## Task requirements
Your copy should hold every record verbatim and none of the pictures.

## Extracted records
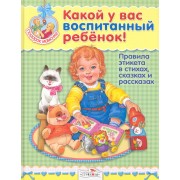 Подарок мамочке. Какой у вас воспитанный ребёнок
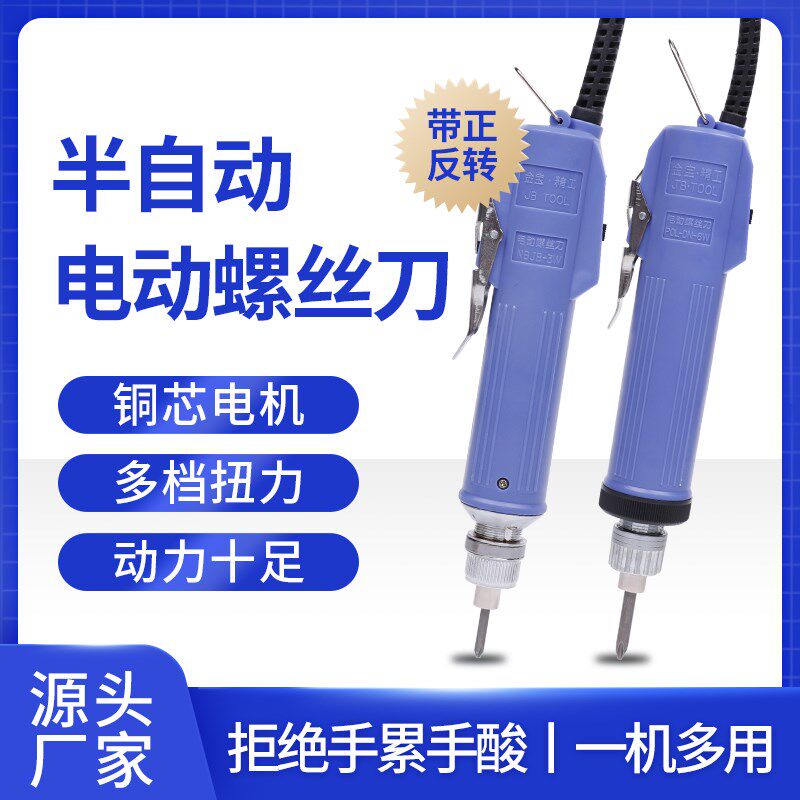 220V直插式进口电机开关电动螺丝刀手电钻 赠送强磁刀头简单方便
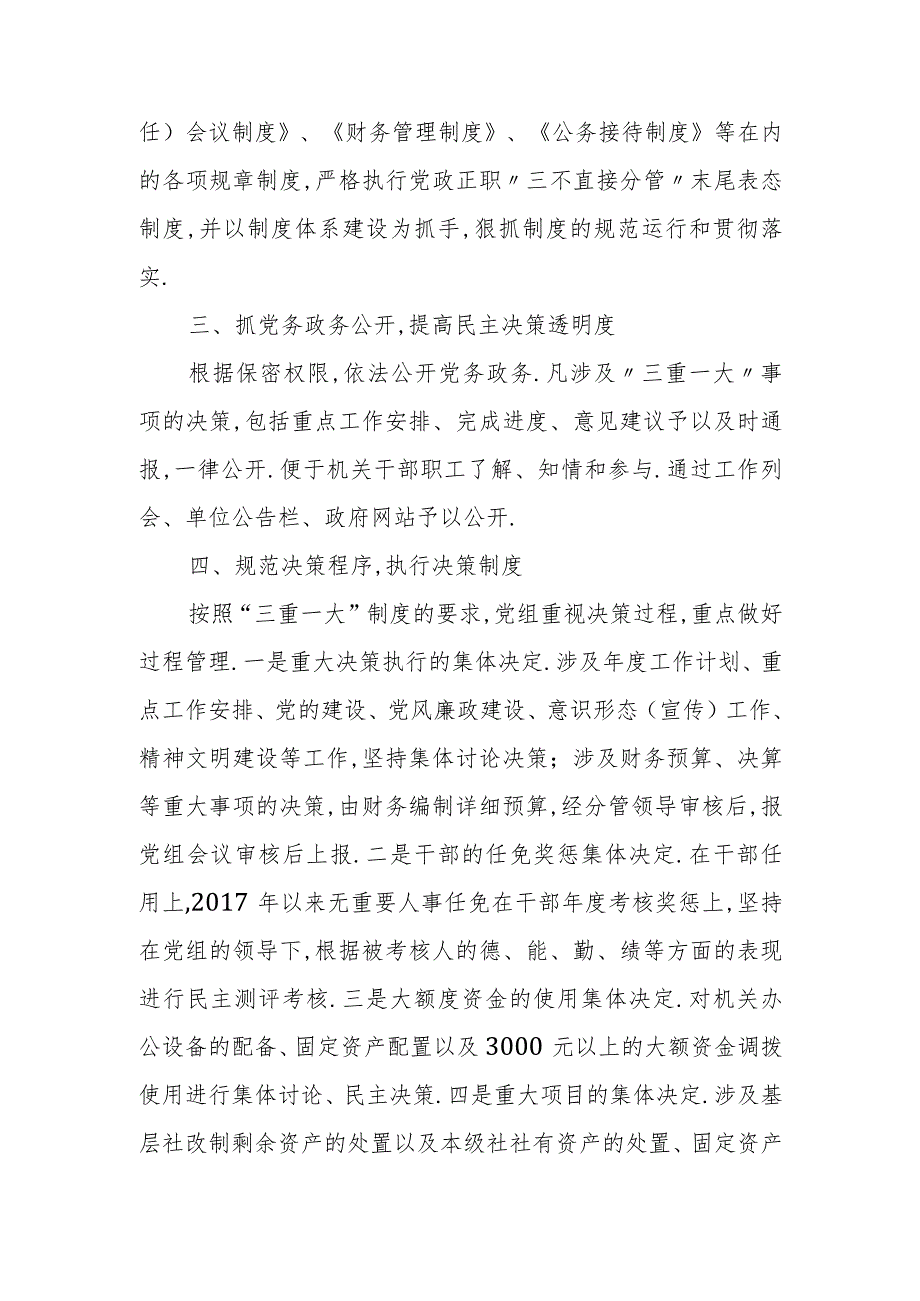 关于“三重一大”事项集体决策制度贯彻执行情况的自查报告.docx_第2页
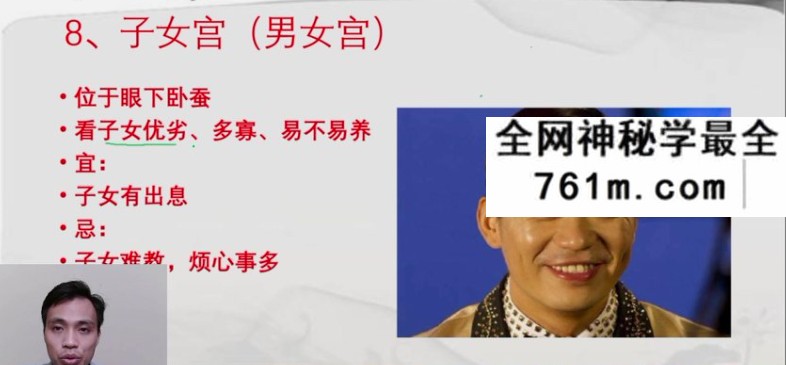 易心十二宫相法直播课程视频13集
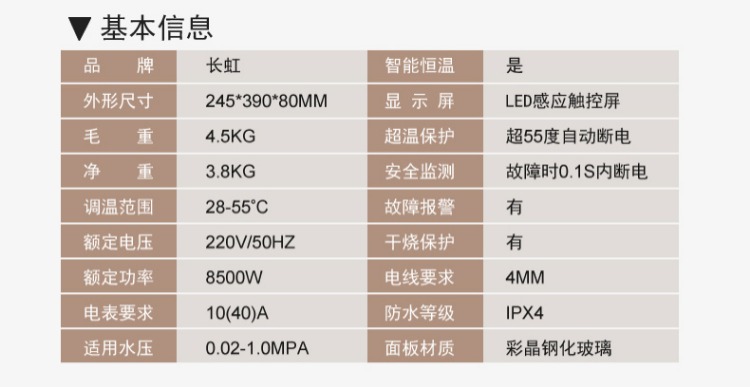 máy nước nóng lạnh dùng de tắm Máy nước nóng điện Chang Chang / 长虹 cz-8 ngay lập tức hộ gia đình nhỏ tắm nước nóng tốc độ cao bình nước uống nóng lạnh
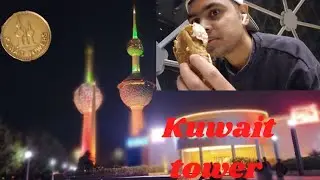 kuwait tower inside view/ Rotating Restaurant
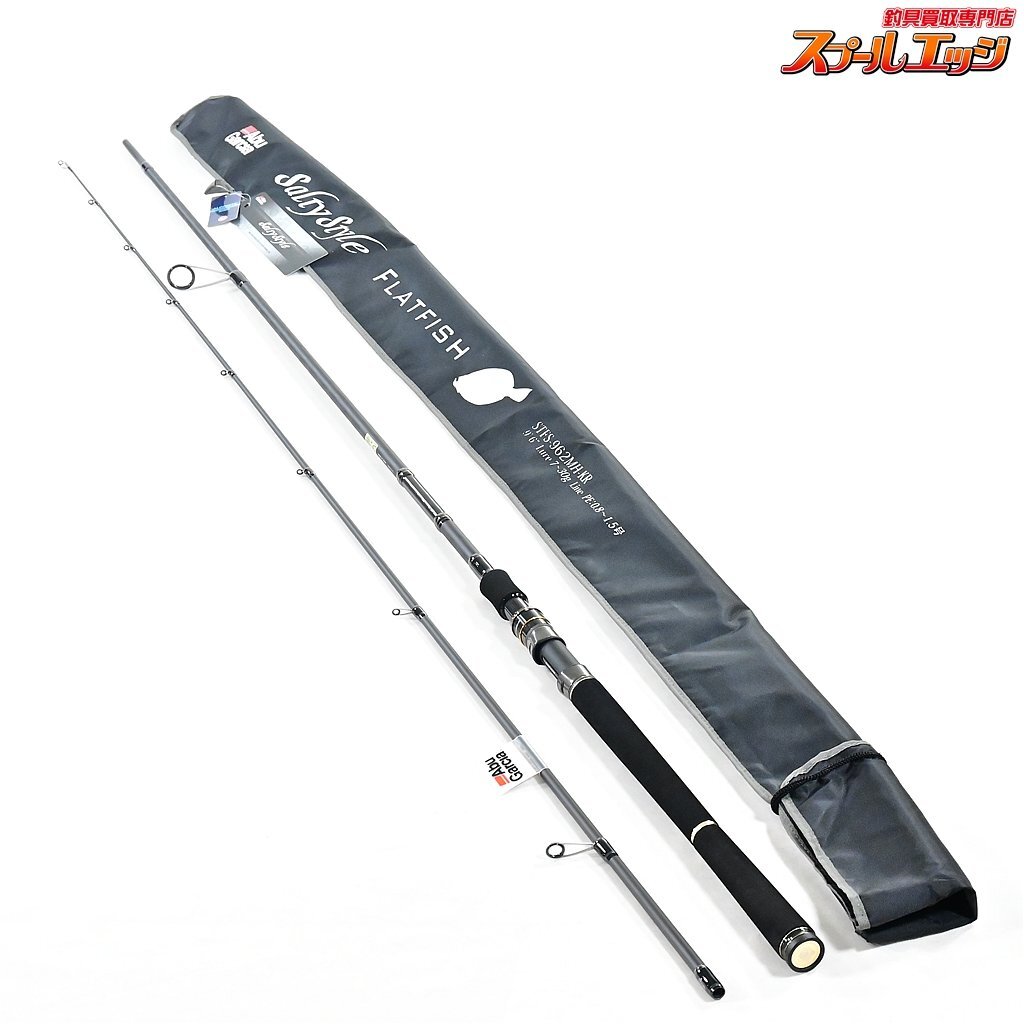 ★☆【アブガルシア】 ソルティースタイル フラットフィッシュ STFS-962MH-KR Abu Garcia SALTY STYLE ヒラメ マゴチ K_190★☆v37714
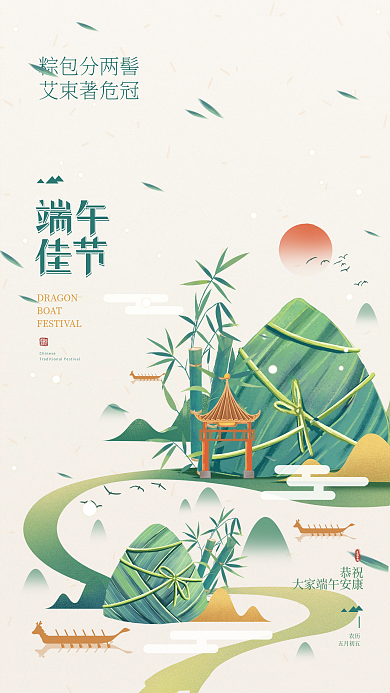 端午节简约BOAT粽包分两髻海报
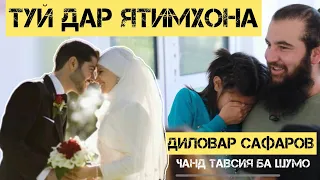 ТУЙ ДАР ЯТИМХОНА Диловар Сафаров  Dfilm.tj Dilovar Safarov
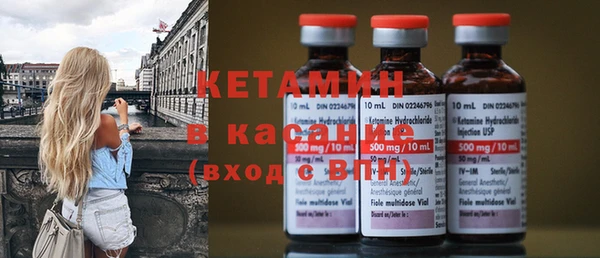 тгк Алексеевка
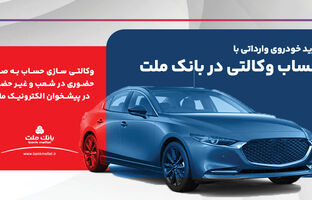 ارائه خدمت حساب وکالتی در بانک ملت برای ثبت نام دور جدید عرضه خودروهای وارداتی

## Solution
 Подарок мамочке. Какой у вас воспитанный ребёнок
 220V直插式进口电机开关电动螺丝刀手电钻 赠送强磁刀头简单方便
 关于“三重一大”事项集体决策制度贯彻执行情况的自查报告.docx_第2页
 易心十二宫相法直播课程视频13集
 máy nước nóng lạnh dùng de tắm Máy nước nóng điện Chang Chang / 长虹 cz-8 ngay lập tức hộ gia đình nhỏ tắm nước nóng tốc độ cao bình nước uống nóng lạnh
 kuwait tower inside view/ Rotating Restaurant
 ★☆【アブガルシア】 ソルティースタイル フラットフィッシュ STFS-962MH-KR Abu Garcia SALTY STYLE ヒラメ マゴチ K_190★☆v37714
 端午节简约BOAT粽包分两髻海报
 ТУЙ ДАР ЯТИМХОНА Диловар Сафаров  Dfilm.tj Dilovar Safarov
 тгк Алексеевка
 ارائه خدمت حساب وکالتی در بانک ملت برای ثبت نام دور جدید عرضه خودروهای وارداتی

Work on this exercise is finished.